A Question of Process
The new school, which welcomes its first students on August 29, is unconventional in appearance. Its façade, a long, concave, curving wall—an “embrace” according to the architects—made of vertical wooden planks with a gently undulating roofline, has a look that is decidedly anti-institutional. “We didn’t believe in straight lines,” says Jay Brotman, AIA, a managing partner at Svigals + Partners, the New Haven, Conn.–based architecture firm that won the commission. Founded in 1983 by Yale graduate Barry Svigals, FAIA, now partner emeritus, the firm has a track record of designing exceptionally cheerful public schools, buildings typically filled with daylight and lots of artwork. The firm’s signature, though, is its process, which relies on forming a close relationship with teachers, children, parents, and members of a school’s larger community.

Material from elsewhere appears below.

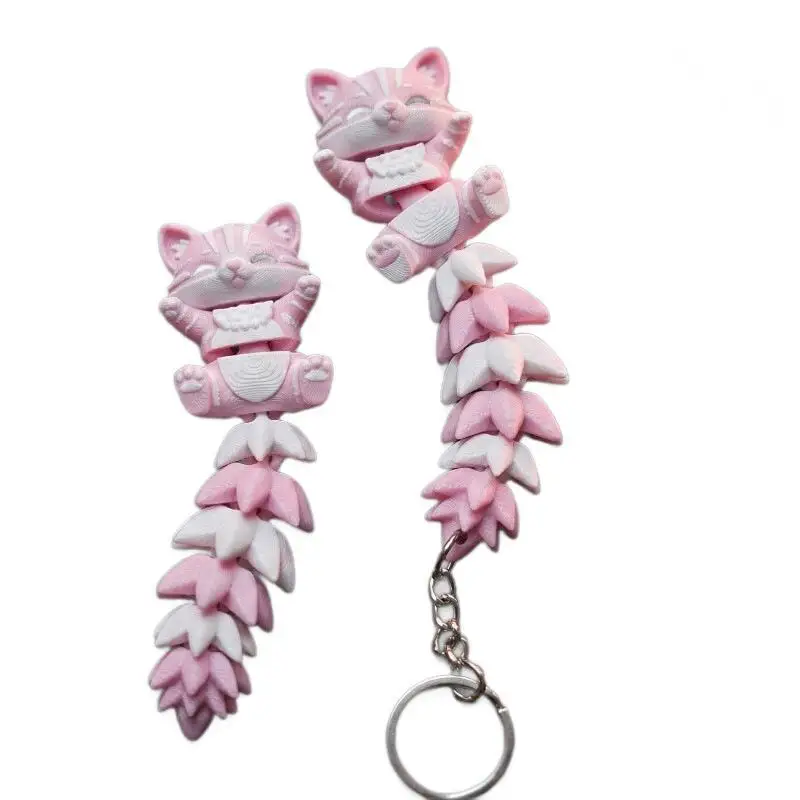 3D-gedruckter rosa Katzen-Schlüsselanhänger mit beweglichem, flexiblem Schwanz, niedliches Cartoon-Design zur Rucksackdekoration, Geschenk für Katzenliebhaber – Detail 5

The workhorse of Svigals + Partners’ architectural tool kit is something called a School Based Building Advisory Committee (SBBAC). That’s a long title for the simple strategy of gathering as many interested parties as possible to talk about a school as it’s being designed—what it signifies to the community, how it should work, how it should look. The firm brings students directly into the process, by letting them create artwork for their own schools and through “KidsBuild!” workshops, in which the children learn, often from the contractors themselves, about different aspects of construction. More than the firm’s architectural style, this approach to making the community a collaborator is what gave Svigals an edge in Newtown.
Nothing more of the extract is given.